Problem details: Some of the lines below need repeating. Reproduce exactly those between the lines holding "Un grupo de" and "living room featuring", inclusive.

Supplied records:
-- Opening Marker --

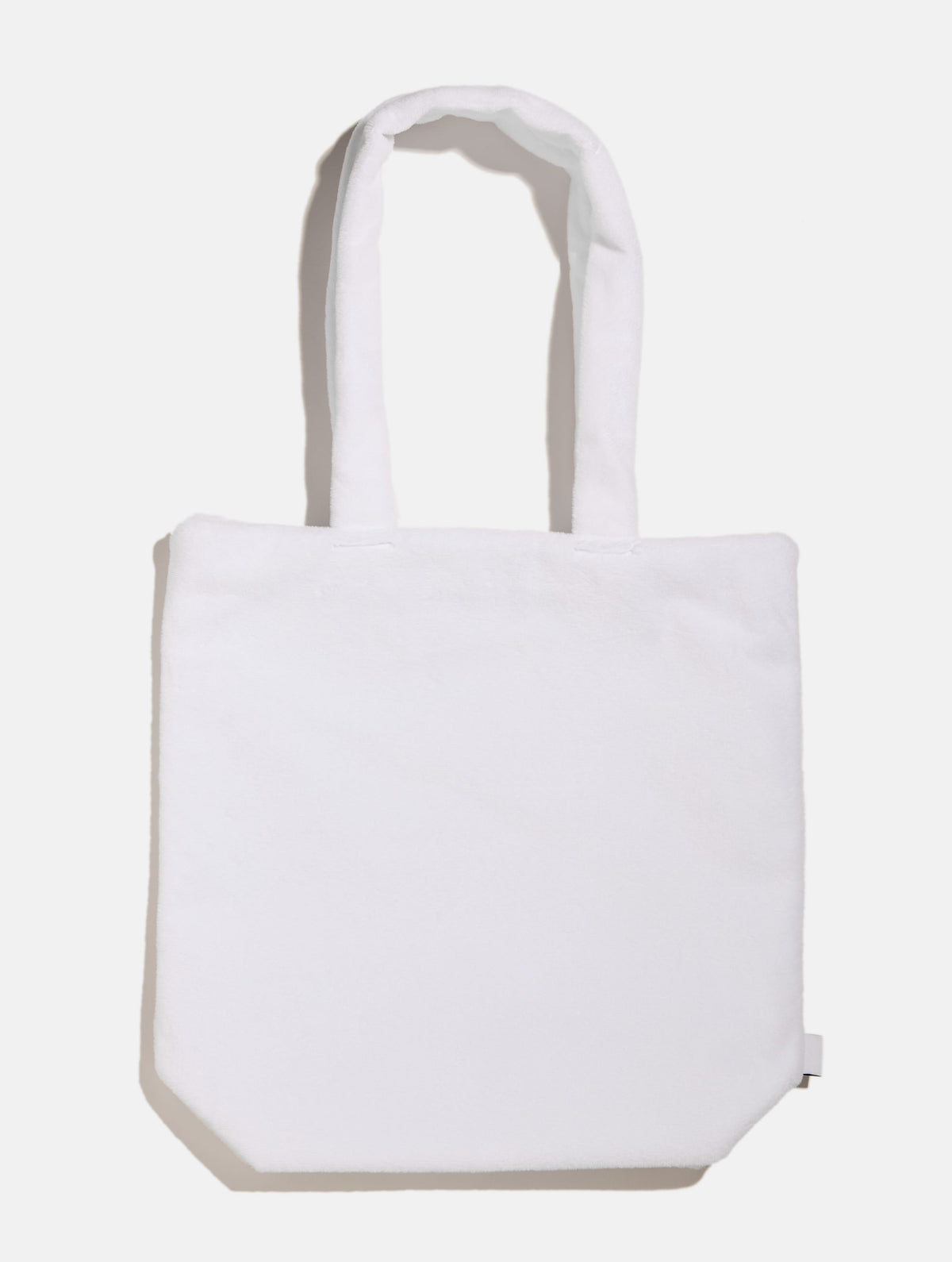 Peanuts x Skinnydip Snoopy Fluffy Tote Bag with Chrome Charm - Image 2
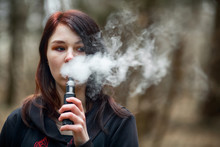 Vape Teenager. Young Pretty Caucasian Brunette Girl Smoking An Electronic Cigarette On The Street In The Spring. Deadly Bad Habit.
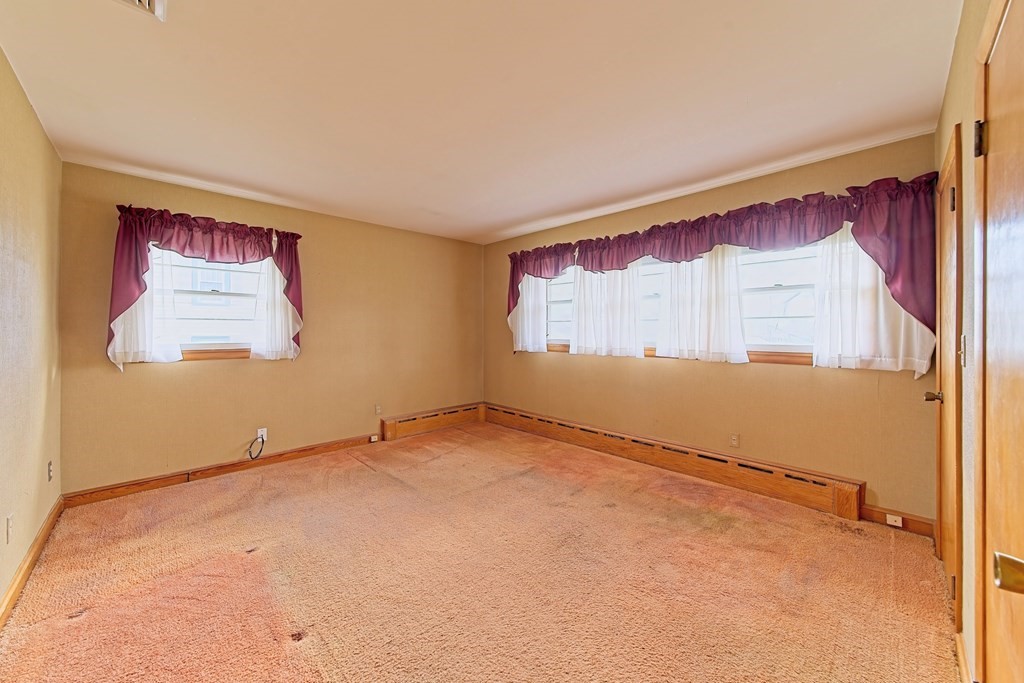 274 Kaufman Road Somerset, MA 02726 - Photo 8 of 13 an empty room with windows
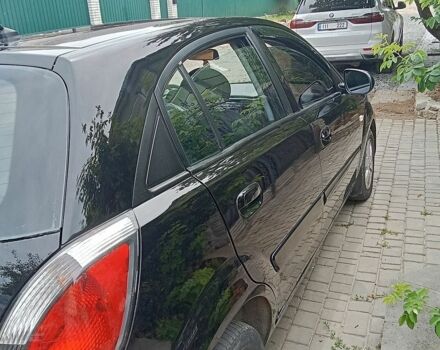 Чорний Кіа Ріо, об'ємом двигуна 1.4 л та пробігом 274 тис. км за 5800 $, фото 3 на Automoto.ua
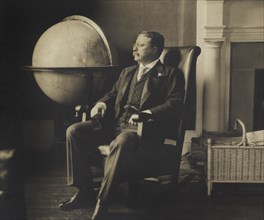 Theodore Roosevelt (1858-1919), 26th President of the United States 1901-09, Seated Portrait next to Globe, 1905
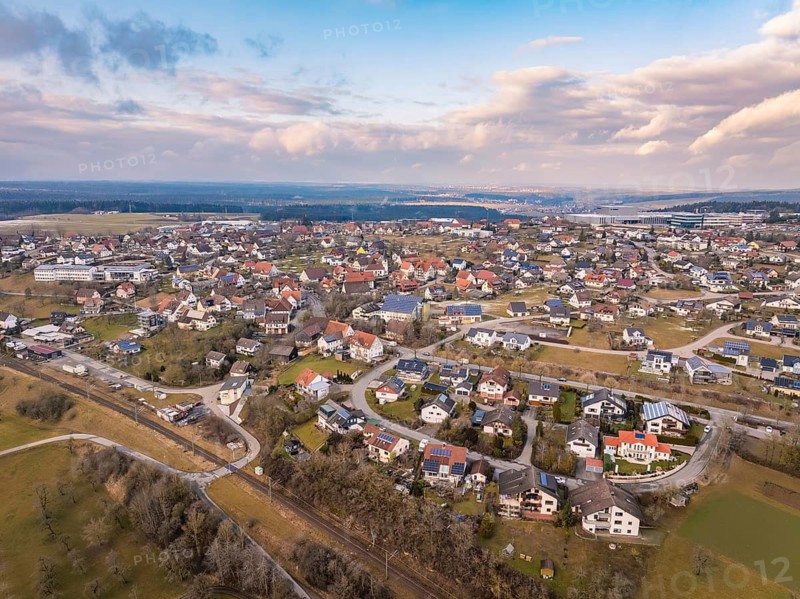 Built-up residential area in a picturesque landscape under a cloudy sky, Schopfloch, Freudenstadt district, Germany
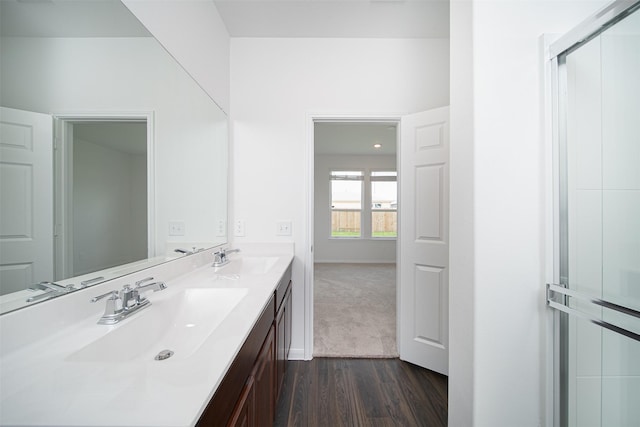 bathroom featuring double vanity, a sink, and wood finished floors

-- Closing Marker --
-- Opening Marker --

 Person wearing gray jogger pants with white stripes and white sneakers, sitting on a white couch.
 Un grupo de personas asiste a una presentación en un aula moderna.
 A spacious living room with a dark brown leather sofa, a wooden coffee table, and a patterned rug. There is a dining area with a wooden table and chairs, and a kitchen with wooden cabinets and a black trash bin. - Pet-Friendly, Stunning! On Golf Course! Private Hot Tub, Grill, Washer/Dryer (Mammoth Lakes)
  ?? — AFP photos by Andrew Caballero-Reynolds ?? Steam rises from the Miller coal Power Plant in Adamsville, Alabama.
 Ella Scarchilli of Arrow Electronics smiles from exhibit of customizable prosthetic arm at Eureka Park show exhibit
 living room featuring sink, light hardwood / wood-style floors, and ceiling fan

-- Closing Marker --
-- Opening Marker --

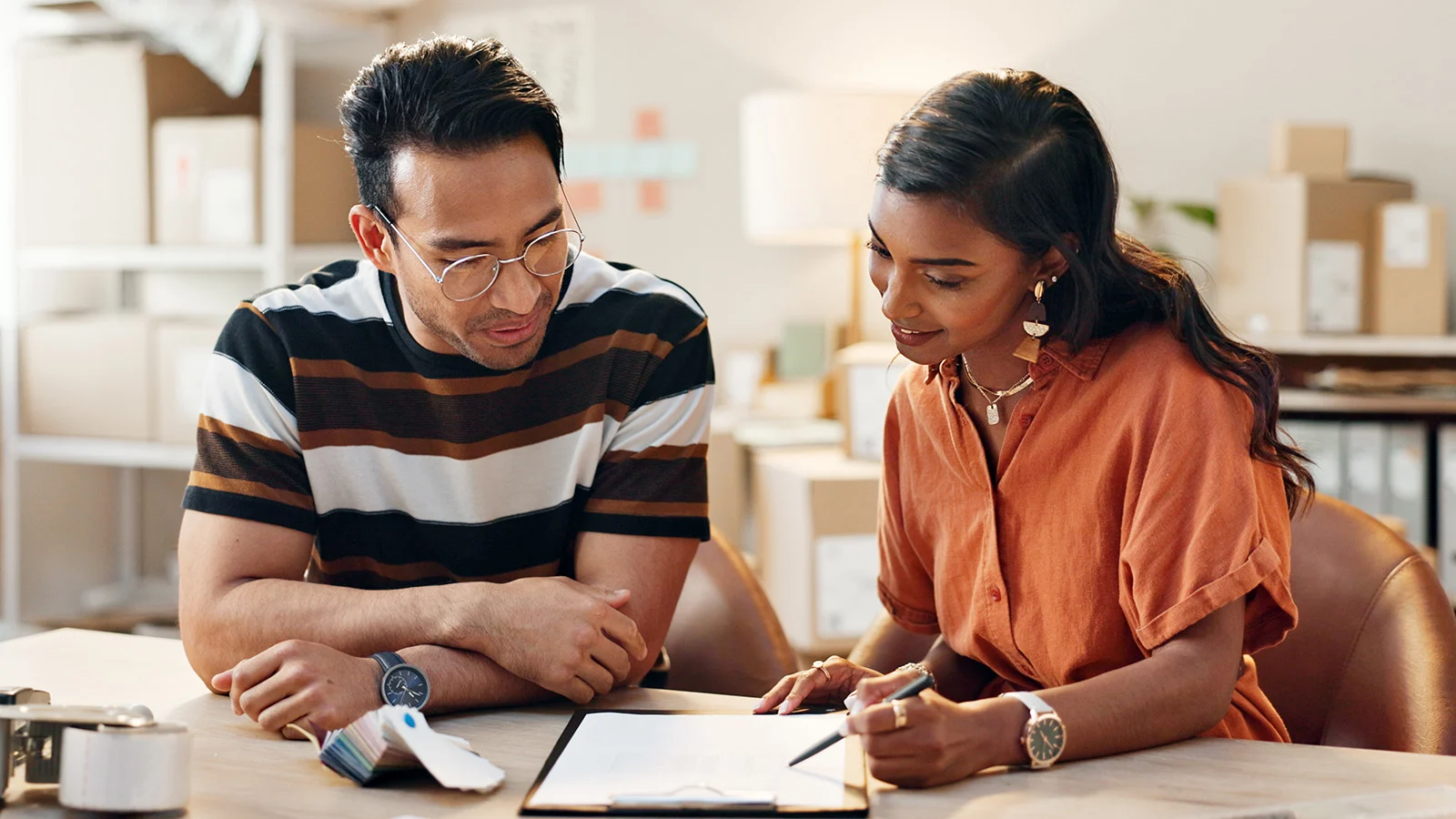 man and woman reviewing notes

-- Closing Marker --

Response to the exercise:
 Un grupo de personas asiste a una presentación en un aula moderna.
 A spacious living room with a dark brown leather sofa, a wooden coffee table, and a patterned rug. There is a dining area with a wooden table and chairs, and a kitchen with wooden cabinets and a black trash bin. - Pet-Friendly, Stunning! On Golf Course! Private Hot Tub, Grill, Washer/Dryer (Mammoth Lakes)
  ?? — AFP photos by Andrew Caballero-Reynolds ?? Steam rises from the Miller coal Power Plant in Adamsville, Alabama.
 Ella Scarchilli of Arrow Electronics smiles from exhibit of customizable prosthetic arm at Eureka Park show exhibit
 living room featuring sink, light hardwood / wood-style floors, and ceiling fan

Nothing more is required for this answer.